Generation Opportunity, a right-leaning group that polls youth voter sentiment, is out with a new survey this morning that reveals some troubling insight into how young Americans feel about the state of the economy.
The poll, conducted by the polling company WomanTrend, Inc. found that, out of a sample of 1,003 young adults aged 18 to 29, 89 per cent say that the poor economy is impacting their daily life, and 84 per cent of those surveyed said they have either delayed, or plan to delay, major life changes because of the weak economy.
Here are the details:
Of the 89 per cent of people surveyed who said the current state of the economy is impacting their day-today lives:
- 51% have reduced their entertainment budget.

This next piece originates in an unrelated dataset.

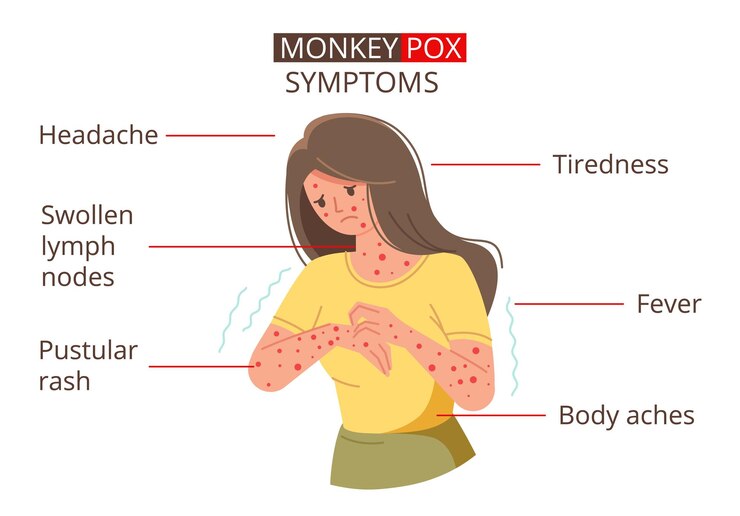 Vector síntomas del virus de la viruela del mono ilustración vectorial para informar a las personas sobre enfermedades infecciosas persona enferma con erupción roja infectada con la viruela del mono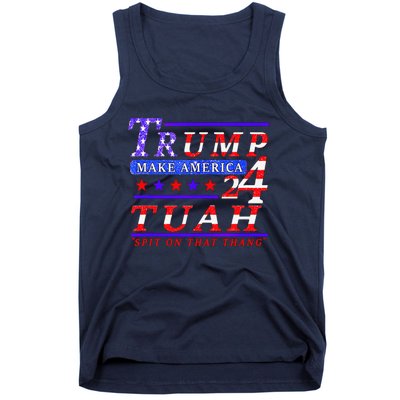 Hawk Tuah Funny Viral Humor Meme Video Tee24 Trump Tuah Tank Top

- 43% have reduced their grocery/food budget.
- 43% have cut back on gifts for friends and family.
- 40% have skipped a vacation.
- 38% have driven less.
- 36% have taken active steps to reduce home energy costs.
- 32% have tried to find an additional job.

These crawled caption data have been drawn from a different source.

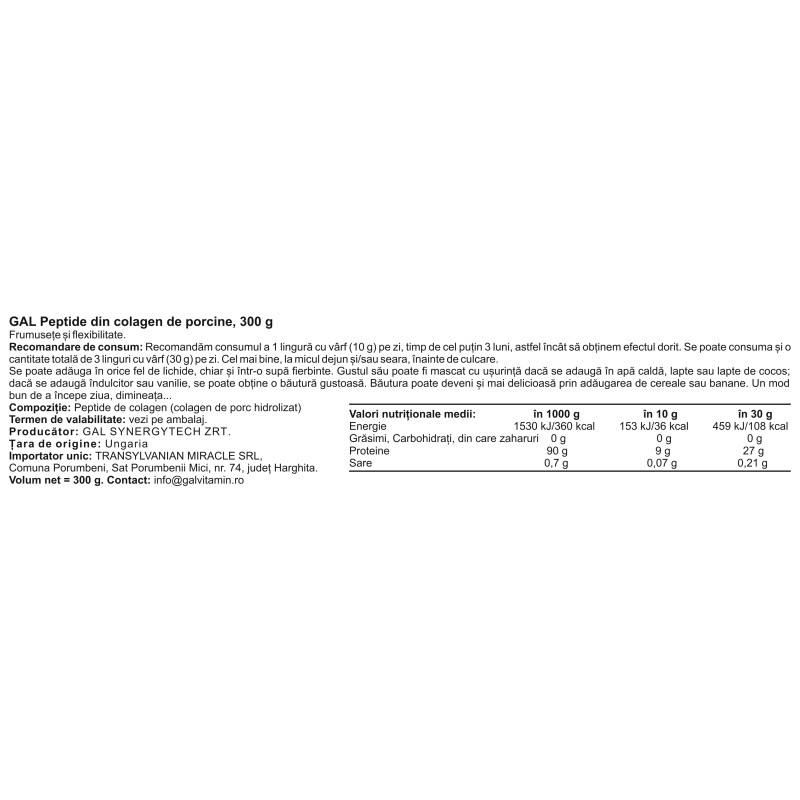 GAL Peptide de Colagen din Porc 300 g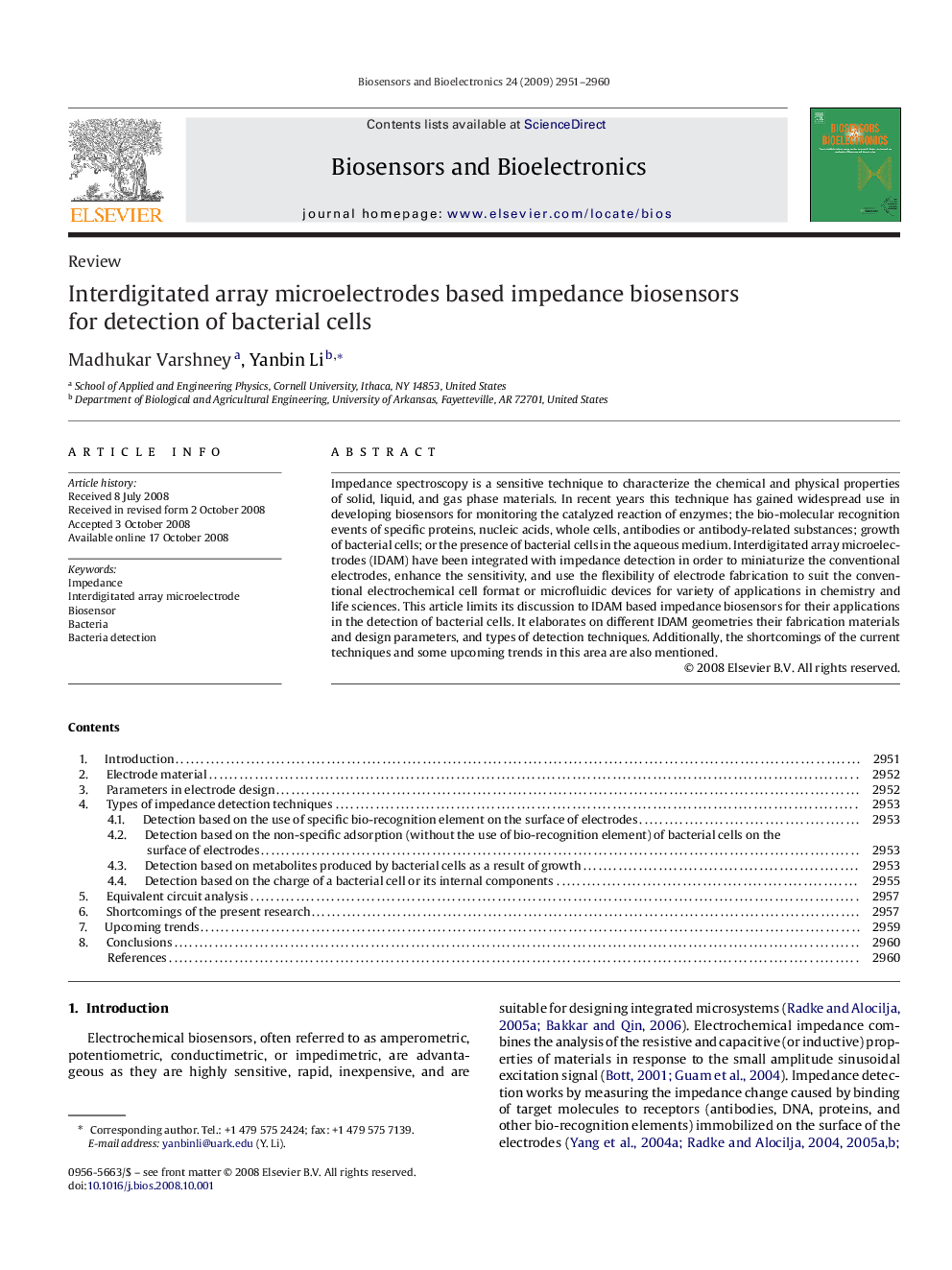 Interdigitated array microelectrodes based impedance biosensors for detection of bacterial cells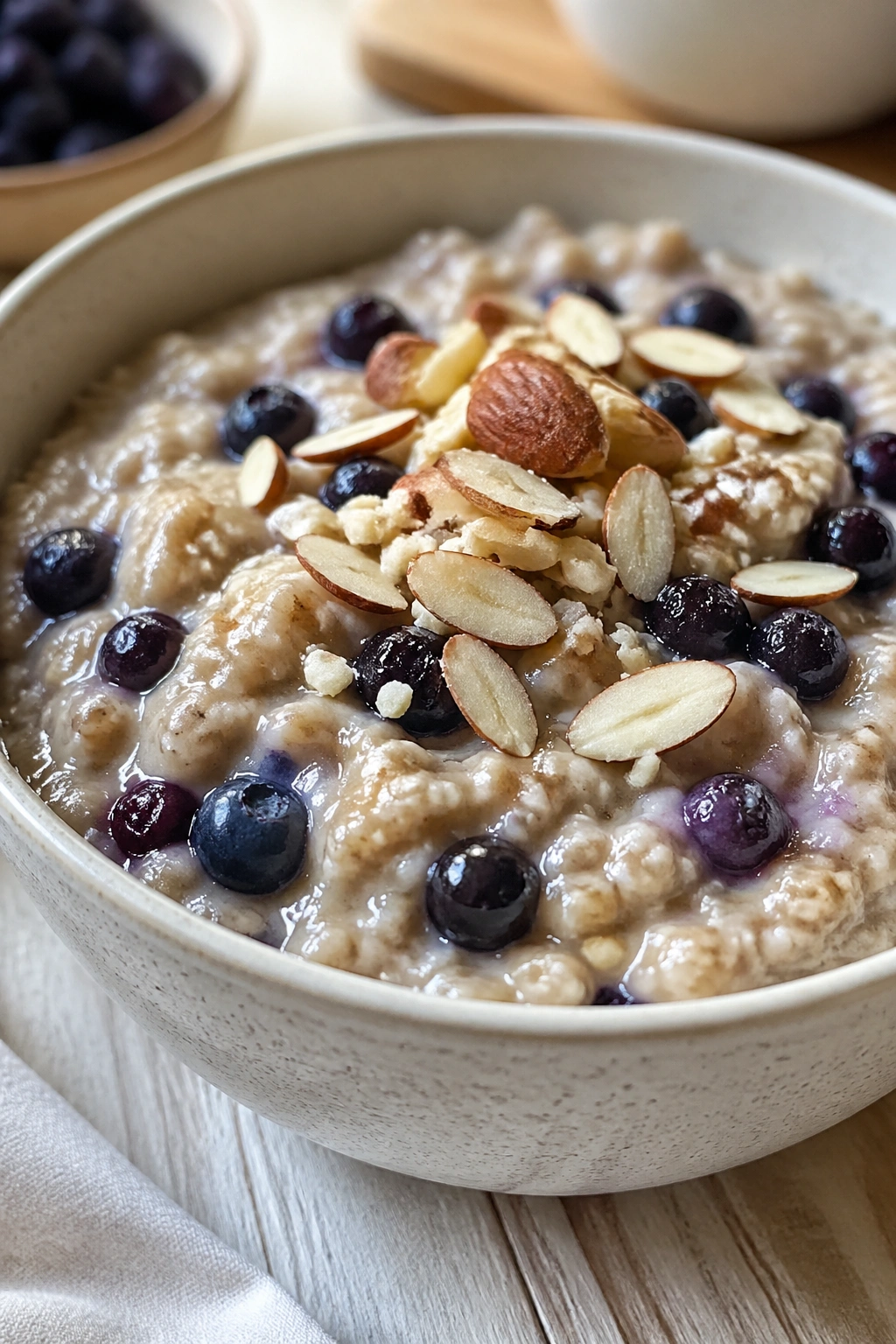 Blueberry almond protein oats close-up with blueberries and almonds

- 27% have sold personal items or property.
- 26% have changed their living situation.
- 17% have skipped a wedding, family reunion, or other significant social event
Of the 84 per cent who either have or will delay a major life change or purchase:
- 38% delay buying their own place.
- 32% delay going back to school/getting more education or training.
- 31% delay starting a family.
- 27% delay changing jobs/cities.
- 26% delay paying off student loans or other debt.
- 25% delay saving for retirement.
- 23% delay getting married.
The numbers are pretty staggering, and could have significant consequences for the 2012 election, according to Generation Opportunity founder Paul Conway.
“The political effect, in the short term, could be profound — an entire generation has been dealing with high unemployment for over 40 months.” Conway, a former labour Department chief of staff under George W. Bush’s administration, told Business Insider. “This isn’t a Republican or Democratic issue, it really transcends party lines.”
Conway added that the most shocking finding from the poll was that 76 per cent of young voters surveyed said that they plan to vote in the 2012 election, contradicting speculation that youth enthusiasm has waned in this election cycle.
Given that only 38 per cent of young people surveyed said that they thought their political leaders represent their best interests, that enthusiasm should alarm candidates across the political spectrum.
“The message is clear,” Conway said. “If you fail to offer solutions, and if you fail to produce results, this generation of voters will hold you accountable.”